花色に加え、一重咲き、八重咲き、丁子咲き、風車咲き、ポンポン咲き…
さまざまな花形が、
いっそう彩りをにぎやかに見せてくれているのでした。
鉢もので出回るこれらのキクは、
ポットマム、もしくはクッションマムと呼ばれます。
お花屋さんの店内に一歩入れば、切り花のキクも勢ぞろい。
こちらは丈が長く、
たくさんに枝分かれした先に
たわわに花をつける、スプレーマムです。
△ 色とりどりのポットマムがにぎにぎしく。
△ 素晴らしい花つきで、こんもりと形よくまとまっているのは、ベルギーで育種された品種。
古典菊の世界へ
身近に見られるポットマムなどに対し、その栽培に、特別な技術を要することから、
植物園や愛好家によって栽培されているキクもあります。
それが古典菊。
どちらも起源は、中国に自生するキクの雑種をもとに、
すでに5〜6世紀には園芸的に改良されていた
栽培ギクから発展してきた園芸品種ですが、
改良された国や時代によって
大きく違っていった変容を比べるのもまた、楽しみのひとつです。
△ 伊勢菊(手前)。

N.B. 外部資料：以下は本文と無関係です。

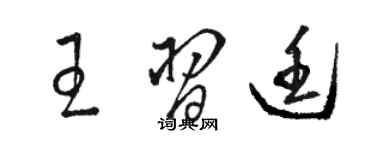 骆恒光王习廷草书个性签名怎么写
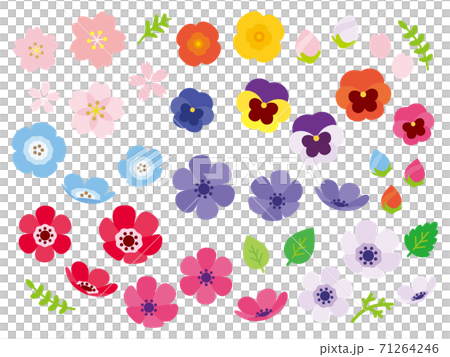 カラフルな春の花セット カラフルな春の花セット 71264246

伊勢地方で発展した、古典菊のひとつ。縮れた花弁が垂れさがる、独特の花容。
△ 懸崖菊。キクの伝統的な仕立て方のひとつで、鉢から流れ出るような株姿につくられます。
今や、キクの盛りの季節。
合わせて古典菊の観賞会が各地で開催されるので、
日本の園芸人がたいせつに育み、伝えてきたこの伝統に
触れることができる機会です。
たとえば、皇室ゆかりである、新宿御苑の「菊花壇展」。
解説を聞きながら庭園を回り、
さらに、日本へ渡来した栽培ギクについて、全般的に学べる講座を紹介します。
新宿御苑菊花壇展 観菊会2017
日時 2017年11/11(土)10:00 〜 13:00
会場 新宿御苑インフォメーションセンター2階 レクチャールーム [地図]
講師 小笠原左衛門尉亮軒さん(江戸園芸研究家・雑花園文庫庫主)
参加費 3,000円(イヤホンガイド使用料、教材費。新宿御苑入園料 大人200円は各自別途ご負担ください)
定員 60名(先着順)
主催・問い合せ・申し込み先 公益社団法人 園芸文化協会
〒113-0033 東京都文京区本郷 1-20-7 安藤ビル 202 号室
TEL 03-5803-6340 (受付時間 平日 10:00 〜 17:00) FAX 03-5803-6341
メール enbun@soleil.ocn.ne.jp
小笠原左衛門尉亮軒さん プロフィール
おがさわら・さえもんのじょうりょうけん 1933年愛知県生まれ。江戸時代の園芸資料の蒐集・研究をライフワークとして続けている。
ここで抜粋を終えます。